• DIRECTIONS:
Print all of the data exactly as written.

===== STUDY MATERIAL

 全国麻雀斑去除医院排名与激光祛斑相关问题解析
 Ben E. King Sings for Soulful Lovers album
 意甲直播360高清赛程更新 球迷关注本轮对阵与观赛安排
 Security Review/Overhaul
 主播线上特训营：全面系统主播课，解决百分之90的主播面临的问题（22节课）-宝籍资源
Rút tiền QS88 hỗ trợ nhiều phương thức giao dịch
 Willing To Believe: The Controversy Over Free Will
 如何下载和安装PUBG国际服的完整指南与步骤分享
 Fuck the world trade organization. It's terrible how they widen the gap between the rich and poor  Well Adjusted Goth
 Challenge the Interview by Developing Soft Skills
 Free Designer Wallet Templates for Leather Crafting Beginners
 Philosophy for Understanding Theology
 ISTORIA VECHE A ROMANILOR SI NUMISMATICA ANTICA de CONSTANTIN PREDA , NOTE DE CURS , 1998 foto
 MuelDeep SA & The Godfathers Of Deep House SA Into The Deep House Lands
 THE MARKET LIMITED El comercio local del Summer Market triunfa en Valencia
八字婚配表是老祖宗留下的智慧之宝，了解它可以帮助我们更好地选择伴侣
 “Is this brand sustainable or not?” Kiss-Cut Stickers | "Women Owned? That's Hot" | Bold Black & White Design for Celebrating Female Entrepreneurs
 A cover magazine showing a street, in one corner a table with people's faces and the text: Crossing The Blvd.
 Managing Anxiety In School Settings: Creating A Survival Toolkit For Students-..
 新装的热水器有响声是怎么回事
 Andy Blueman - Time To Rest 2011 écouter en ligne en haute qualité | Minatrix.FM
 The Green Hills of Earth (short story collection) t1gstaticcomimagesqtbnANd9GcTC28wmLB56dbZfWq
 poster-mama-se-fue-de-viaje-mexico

==========

• FINISHED TASK:
 全国麻雀斑去除医院排名与激光祛斑相关问题解析
 Ben E. King Sings for Soulful Lovers album
 意甲直播360高清赛程更新 球迷关注本轮对阵与观赛安排
 Security Review/Overhaul
 主播线上特训营：全面系统主播课，解决百分之90的主播面临的问题（22节课）-宝籍资源
Rút tiền QS88 hỗ trợ nhiều phương thức giao dịch
 Willing To Believe: The Controversy Over Free Will
 如何下载和安装PUBG国际服的完整指南与步骤分享
 Fuck the world trade organization. It's terrible how they widen the gap between the rich and poor  Well Adjusted Goth
 Challenge the Interview by Developing Soft Skills
 Free Designer Wallet Templates for Leather Crafting Beginners
 Philosophy for Understanding Theology
 ISTORIA VECHE A ROMANILOR SI NUMISMATICA ANTICA de CONSTANTIN PREDA , NOTE DE CURS , 1998 foto
 MuelDeep SA & The Godfathers Of Deep House SA Into The Deep House Lands
 THE MARKET LIMITED El comercio local del Summer Market triunfa en Valencia
八字婚配表是老祖宗留下的智慧之宝，了解它可以帮助我们更好地选择伴侣
 “Is this brand sustainable or not?” Kiss-Cut Stickers | "Women Owned? That's Hot" | Bold Black & White Design for Celebrating Female Entrepreneurs
 A cover magazine showing a street, in one corner a table with people's faces and the text: Crossing The Blvd.
 Managing Anxiety In School Settings: Creating A Survival Toolkit For Students-..
 新装的热水器有响声是怎么回事
 Andy Blueman - Time To Rest 2011 écouter en ligne en haute qualité | Minatrix.FM
 The Green Hills of Earth (short story collection) t1gstaticcomimagesqtbnANd9GcTC28wmLB56dbZfWq
 poster-mama-se-fue-de-viaje-mexico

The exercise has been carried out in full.